Madewell will introduce shop-in-shops inside six J.Crew store locations, in New York City (at a new location at Columbus Circle), Florida (Tampa and Aventura), Iowa, New Hampshire and Connecticut, and there is also a new Madewell store opening in New York on the Upper West Side, the company said. To celebrate the new Columbus Circle location, on March 1-3 the company is hosting Western chain Stitch Collective Ft. Lonesome for a residency where they can chain-stitch names and exclusive New York-themed patches on Madewell denim, according to the release.
Former CEO Mickey Drexler, who also pioneered Gap Inc.'s similarly positioned Old Navy brand, launched Madewell in 2006. Old Navy has gone on to outperform its higher-priced sibling and is the fulcrum of Gap Inc.'s current growth strategy, but Madewell is too small a brand to move the needle much for struggling J. Crew.
Madewell, a 78-year-old clothing company purchased by J. Crew 23 years ago, is in many ways filling a gap left by … The Gap, selling high-quality jeans and other items at attractive price points to the older-than-teenagers crowd, but hasn't grown enough to balance the plummeting sales at the company's flagship. Some analysts have wondered if the smaller unit could be spun off to capture its value, as J. Crew has struggled not just with fashion misfires and quality problems but also with crushing debt. Longtime CEO Drexler stepped down over the summer amid the retailer's debt-burdened struggles.
In November, as J. Crew reported a devastating third quarter — total revenue fell 5% to $566.7 million against the year-ago period and same-store sales fell 9% — new CEO James Brett promised that he was working to "reinvigorate the J.Crew Brand to reflect the America of today." The sales numbers were announced along with the brand's plans to shutter 50 stores in 2017 and another 39 for the fourth quarter.

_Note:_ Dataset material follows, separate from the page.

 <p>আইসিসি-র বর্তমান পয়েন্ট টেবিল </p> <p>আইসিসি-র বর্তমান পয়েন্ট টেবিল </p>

The retailer's massive debt load has interfered with the brand's performance and prospects, but despite its troubles, J. Crew retains a strong identity, which could make a closer association between Madewell and J. Crew a win for each.

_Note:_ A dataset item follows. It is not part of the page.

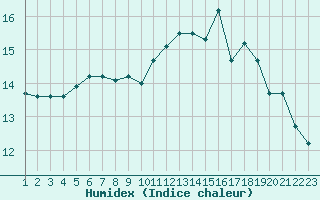 Courbe de l'humidex pour Capelle aan den Ijssel (NL)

Last week, the company tapped Adam Brotman, Starbucks executive vice president of global retail operations and partner digital engagement, to become president and chief experience officer. His arrival comes amid evidence that Amazon is swiftly rising in apparel, including its own private-label lines, particularly among young people. In a statement emailed to Retail Dive, he called J. Crew "already an iconic brand" and said he would work to help "build world-class customer experiences across every touch point, whether technology or digital platforms, in-store, or at the intersection of both."